Blancs, Noirs, juifs, chrétiens, musulmans, Britanniques, immigrés, en short ou en djellaba : tous sont venus lundi rendre hommage aux victimes de l'attaque contre des musulmans à Finsbury Park. Plus que jamais soudés face à cette tentative, disent-ils, de semer la division.

C'est un quartier populaire du nord de Londres, proche du stade de l'équipe de soccer d'Arsenal dont on peut voir de grandes affiches placardées le long des voies ferrées de la station de métro.

L'endroit a longtemps traîné une mauvaise réputation en raison d'une criminalité élevée, d'une mosquée un temps le repaire de radicaux, avant de se transformer, et d'attirer des classes plus aisées.

Ses habitants forment aujourd'hui une communauté multiethnique, multiculturelle et multicultuelle. Dans ses rues bordées de bâtiments fatigués en briques rouges, de boutiques bon marché, de restaurants moyen-orientaux et de cafés, les femmes portent aussi bien la minijupe que le niqab.

Près de la mosquée du quartier, où s'est produite dans la nuit l'attaque qualifiée de « terroriste » par la police, il ne se passe pas cinq minutes sans que quelqu'un ne vienne déposer un bouquet de fleurs. Sur l'un d'eux on peut lire le message « On ne nous divisera pas », devenu le leitmotiv des habitants.

Une école a même confectionné une grande pancarte « Une seule communauté, rassemblée », écrite en lettres capitales aux couleurs de l'arc-en-ciel.

Plusieurs organisations musulmanes ont dénoncé un acte « islamophobe » visant « intentionnellement » les fidèles qui sortaient de la mosquée.

« Ici, tout le monde s'aime »

Tinkerbell McDonagh est venue avec son petit garçon, qui a déposé devant la porte de la mosquée, un bâtiment de trois niveaux avec un minaret orné d'un croissant doré, un petit éléphant en peluche portant entre ses pattes un gros coeur rouge.

Ébranlée, la jeune femme, vêtue d'une légère robe printanière, s'inquiète pour le sort d'un ami qu'elle n'arrive pas à joindre depuis l'attaque.

Plusieurs heures après le drame, elle ne parvient toujours pas à comprendre comment, dans ce quartier dont elle chérit la diversité, un homme a pu vouloir « tuer tous les musulmans », comme le rapporte un témoin sur la BBC.

« Ici, tout le monde s'aime, tout le monde s'entraide », dit Tinkerbell sans parvenir à retenir ses larmes, qu'elle essuie pudiquement en passant une main sur son visage. « Il y a beaucoup de musulmans.
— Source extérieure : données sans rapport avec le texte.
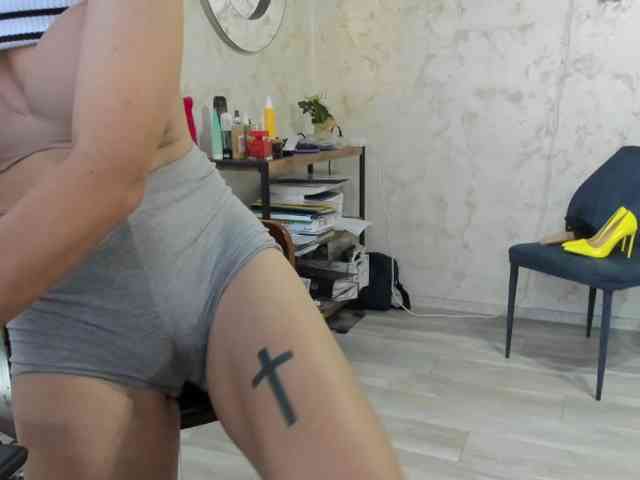 tattoo-couple webcam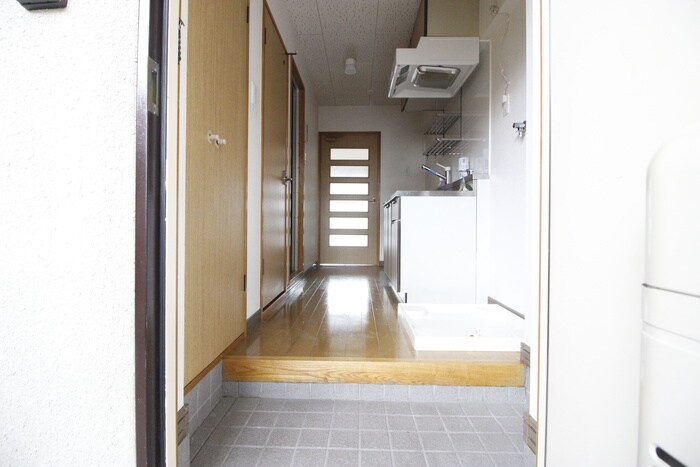 物件内観写真20　(玄関)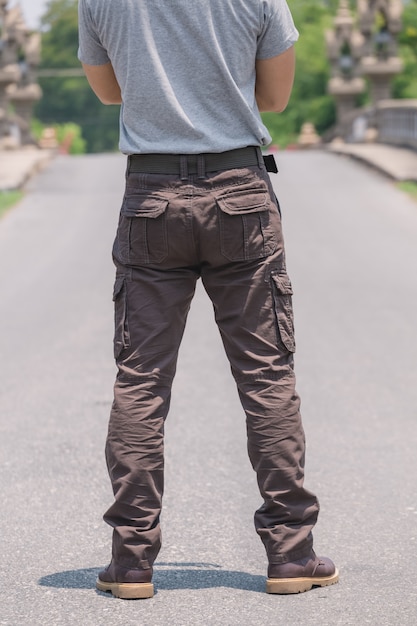 Modelo vestindo calças de carga de cor marrom ou calças de carga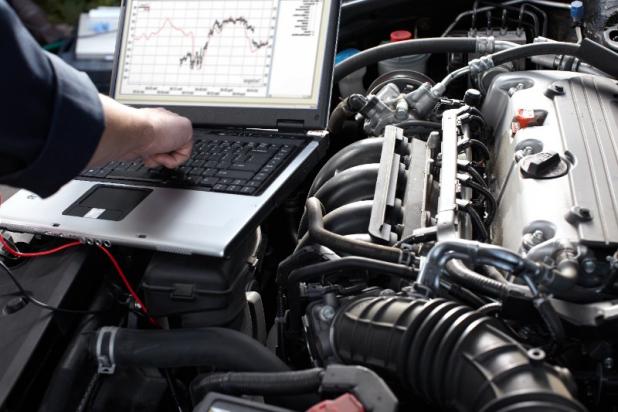 Diagnostic moteur en garage auto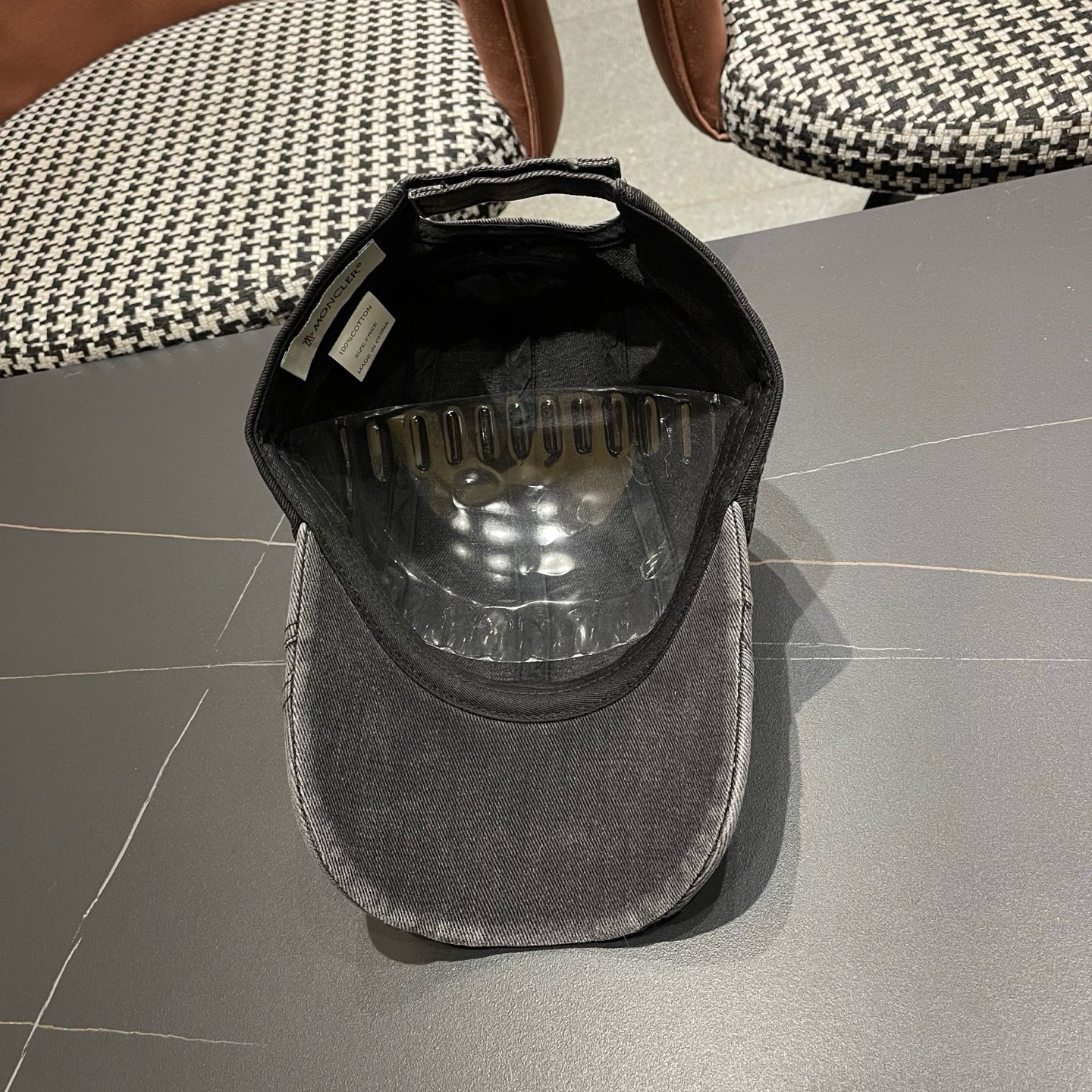 Moncler hat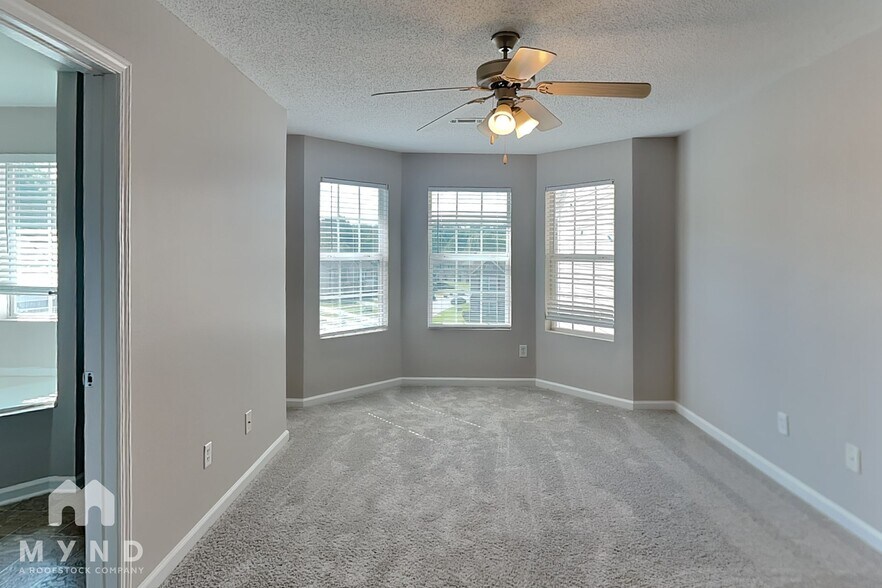 Building Photo - 5492 Sierra Tr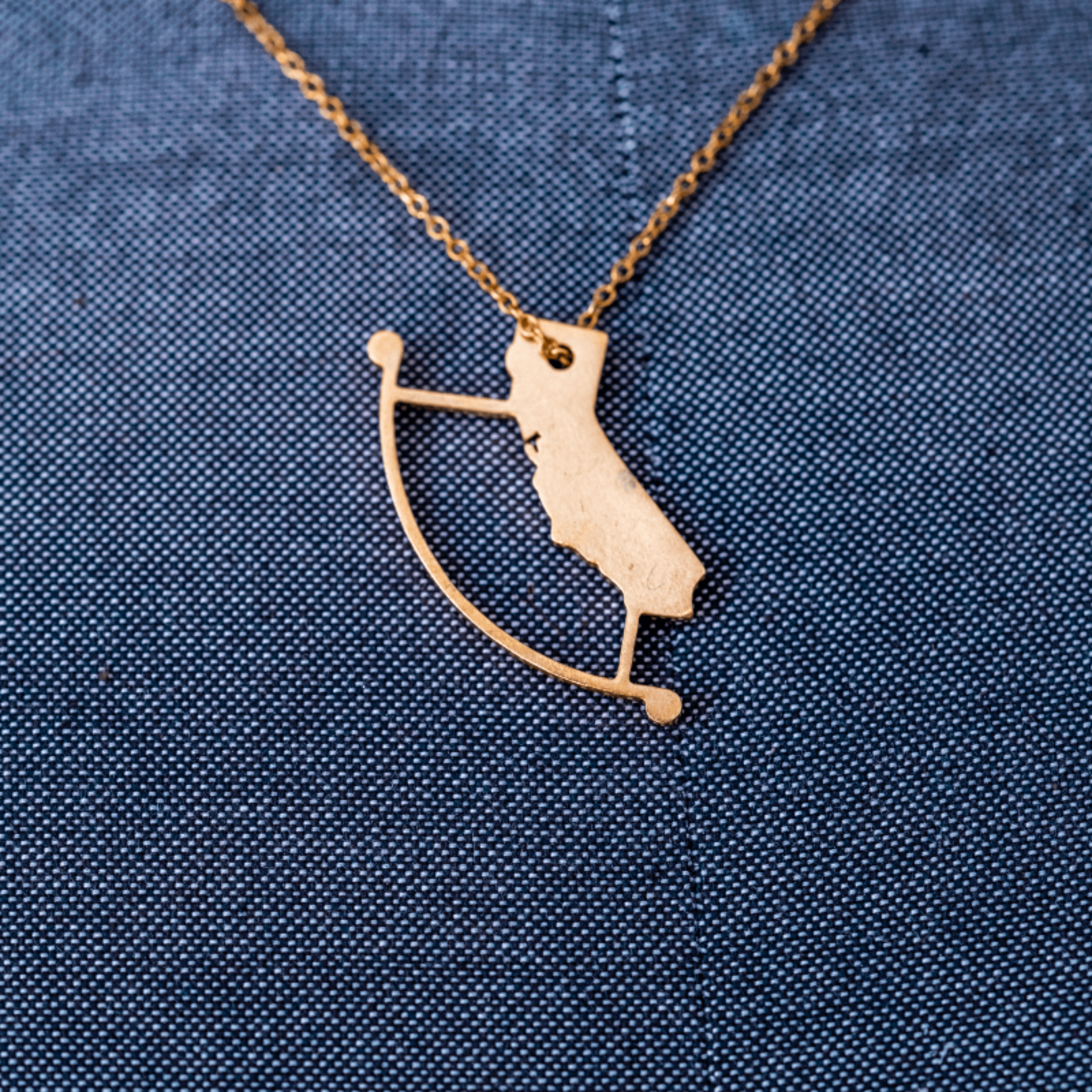 Rocking California 3D-printed pendant featuring digital art and California-inspired design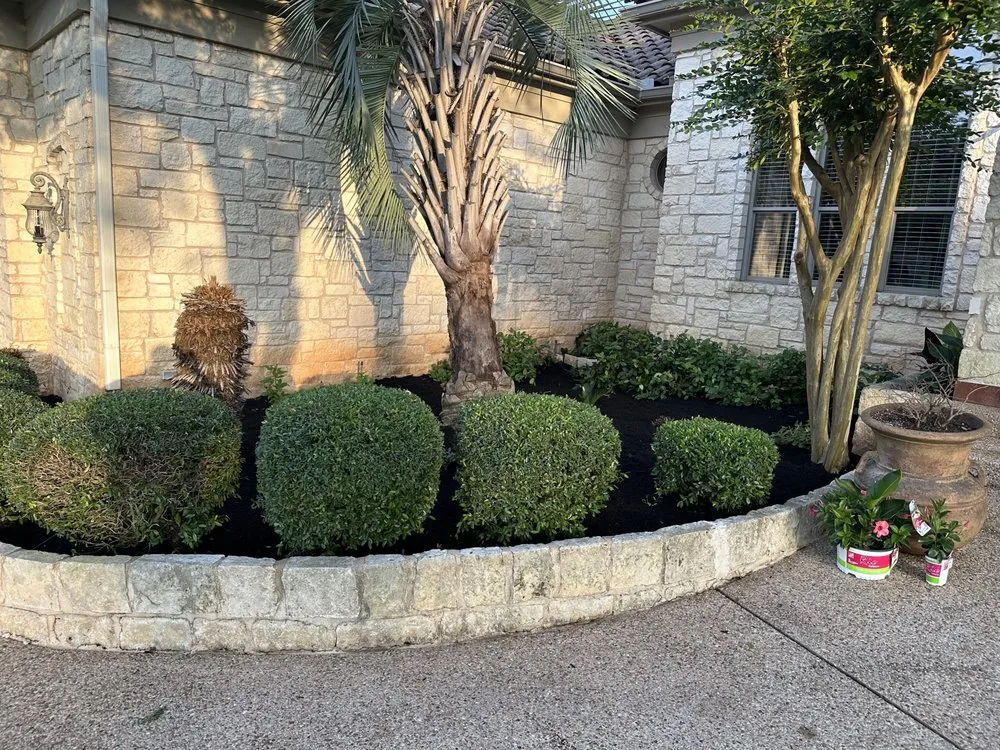 Professional landscaping services in Bee Cave, TX - Brothers Gomez Lawn Care Service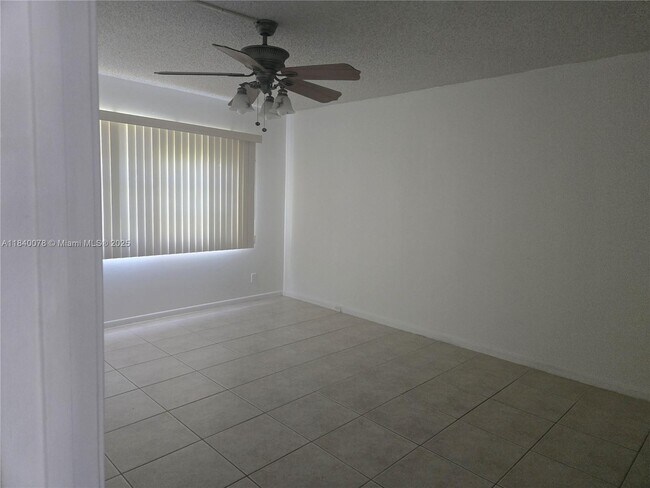 Building Photo - 1201 SW 128th Terrace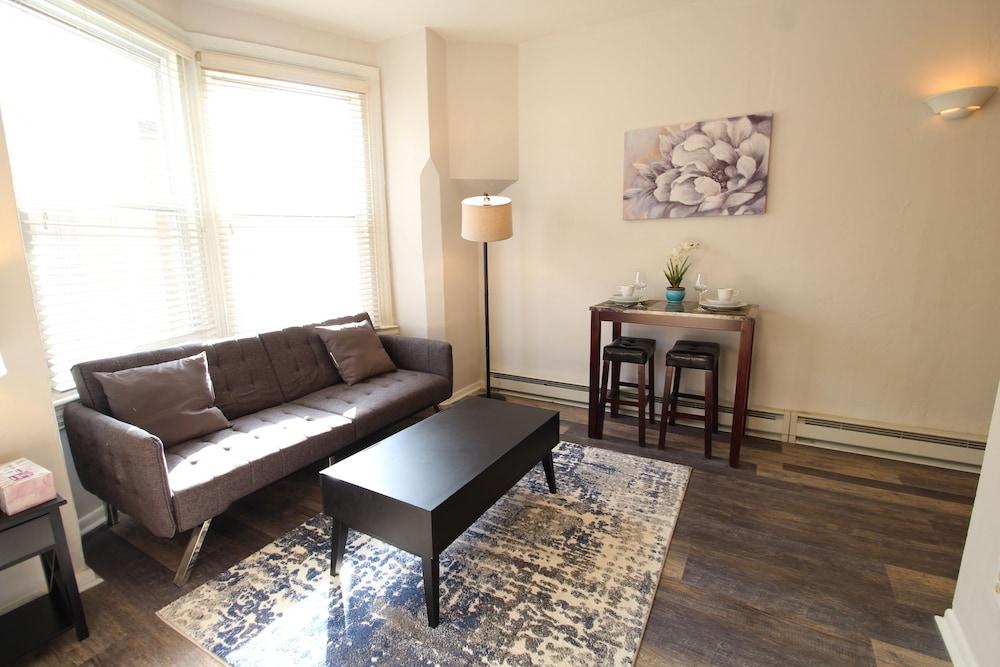 Midtown Suites photo 20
Nous vivons tous en paix et en harmonie ».

« Ça ne changera rien »

Mais l'émotion laisse rapidement place à la colère. « Ce n'est pas humain de faire un truc pareil », s'emporte-t-elle en s'en prenant à la première ministre Theresa May, incapable à ses yeux d'empêcher de telles attaques.

« Elle ne sert à rien. Elle n'a pas l'étoffe d'un premier ministre, et elle ne l'aura jamais », lâche-t-elle en rappelant les critiques qui ont visé la dirigeante, accusée d'avoir tardé à rendre visite aux sinistrés du terrible incendie de la tour Grenfell, la semaine dernière à Londres.

Mendy Korer, le rabbin d'une synagogue locale, souligne aussi les bonnes relations entretenues entre les différentes communautés. « Nous vivons ensemble, il appartient à chacun d'entre nous de rompre ce cycle. Nous ne pourrons pas régler les problèmes du monde, mais nous devons régler ceux de notre quartier », souligne-t-il.

Devant la mosquée, les fleurs s'accumulent, sous une chaleur écrasante. Un groupe de femmes voilées pleurent à proximité. Un vieil homme en fauteuil roulant crie sa rage et son incompréhension.

« C'est horrible », glisse un jeune homme, Marc, les larmes aux yeux, en remontant sur son vélo après avoir déposé un bouquet. « Tout le monde est en colère et il y a une toute petite proportion de gens qui sont suffisamment fous pour y céder », ajoute-t-il.

Wilson Sawane, un Sénégalais de 29 ans, n'a rien apporté de spécial. Il est juste venu, avec son 1,95 mètre, par solidarité. Parce que Finsbury Park est son quartier. Et parce que les victimes de l'attaque auraient pu être ses amis.

« Pfff, c'est écoeurant », soupire-t-il. « Mais ça ne changera rien » à la vie du quartier. « Demain, sur le terrain de soccer, il y aura toujours des Blancs, des Noirs et des Arabes. C'est comme ça ici ».